Y ahí está, imponente, de espaldas a mí, como si fuera una extensión de la pared. Al notar mi presencia, se gira con una lentitud inquietante, revelando un rostro inexpresivo, una mirada vacía. Un autómata programado para proteger y obedecer.
—Señorita, por favor, regrese al despacho del señor Quismet —ordena, con una voz grave y autoritaria que no admite réplica.
—Señor guardia, lo siento, pero debo irme, no puedo permanecer ni un minuto más aquí—respondo, intentando mantener la compostura. La adrenalina recorre mis venas, instándome a actuar, a luchar por mi libertad. Acelero el paso, decidida a alcanzar la siguiente puerta, la que me separa de este infierno.
Pero otro guardia surge de la nada, bloqueando mi camino. Su presencia imponente, su mirada desafiante, me hacen retroceder. Estoy atrapada, acorralada como un animal en una jaula.
Me vuelvo hacia el primer guardia, intentando apelar a su humanidad, buscando una grieta en su armadura.
—No puede irse, es por su propia seguridad —insiste, con la misma frialdad e inflexibilidad. Su cuerpo corpulento, su expresión impasible, me intimidan.
—No lo entiende, es que yo ya no trabajo como reportera del canal al que vine a cubrir en este sitio. Mi trabajo aquí ha terminado, así que debo retirarme y buscar un vuelo a mi país para estar cerca de mi familia —explico, intentando razonar con él. Mi voz tiembla ligeramente, delatando mi nerviosismo.
—Los aeropuertos están intervenidos, los vuelos solo son autorizaciones extraordinarias y bajo estricto protocolo —responde, sin mostrar la menor empatía.
La noticia me golpea como una bofetada, aunque en cierto modo antes ya lo sabía. La diferencia es que antes contaba con privilegios y licencias para moverme por mi trabajo, aspectos que ahora he perdido. Aislada, incomunicada, sin posibilidad de escapar. La sensación de encierro se intensifica, asfixiándome lentamente.

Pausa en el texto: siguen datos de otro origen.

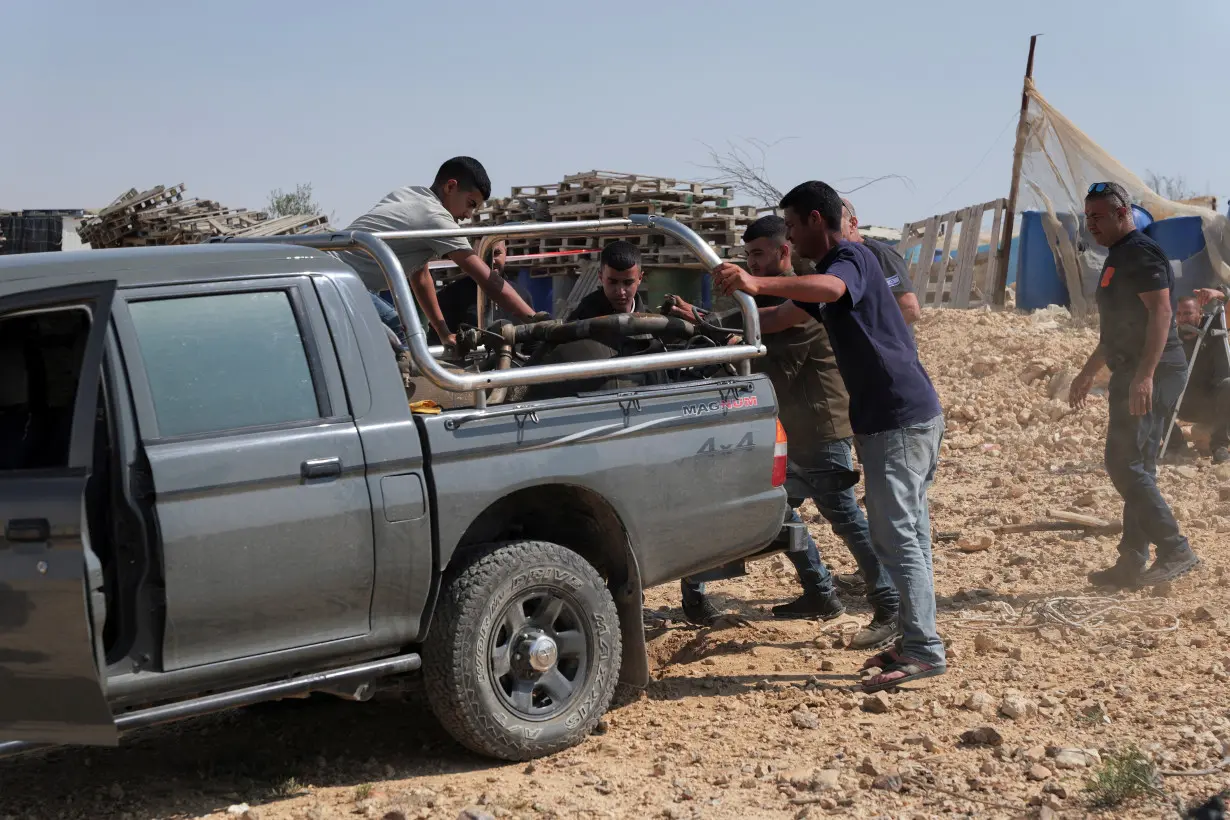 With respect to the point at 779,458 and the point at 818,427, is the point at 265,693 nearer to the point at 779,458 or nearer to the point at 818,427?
the point at 779,458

—Tengo cosas que hacer, una familia que ver—suplico, aferrándome a la esperanza de despertar su lado humano—. Mi novio…me espera—. Pensar en Rodrigo me rompe el corazón.
—Podrá reencontrarse con ellos, luego —dice, con una indiferencia que me exaspera. Sus palabras suenan vacías, huecas.
—¿Luego cuándo?
—Hasta que pase.
—¿La guerra?
—No. Hasta que pase la invasión en la zona segura.
La palabra "invasión" resuena en mi cabeza como un eco, desconcertante, incomprensible. ¿Cómo es posible? ¿Cómo ha podido suceder esto sin que me diera cuenta?
—¿De qué invasión hablas? —pregunto, olvidando por completo el trato formal, tuteándole sin darme cuenta. La confusión me nubla la mente, impidiéndome pensar con claridad.
¿Cuánto tiempo llevo encerrada en este lugar? ¿Unas horas, tal vez? No puede ser que en tan poco tiempo la situación haya escalado hasta este punto. ¿Una invasión en la zona segura? Es absurdo, irreal.
—Se ha decretado una alerta de invasión a la zona segura y se ha puesto en marcha el Código de Hielo —explica el guardia, con una calma que contrasta con el caos que siento en mi interior. Su voz suena monótona, como si estuviera recitando un protocolo preestablecido.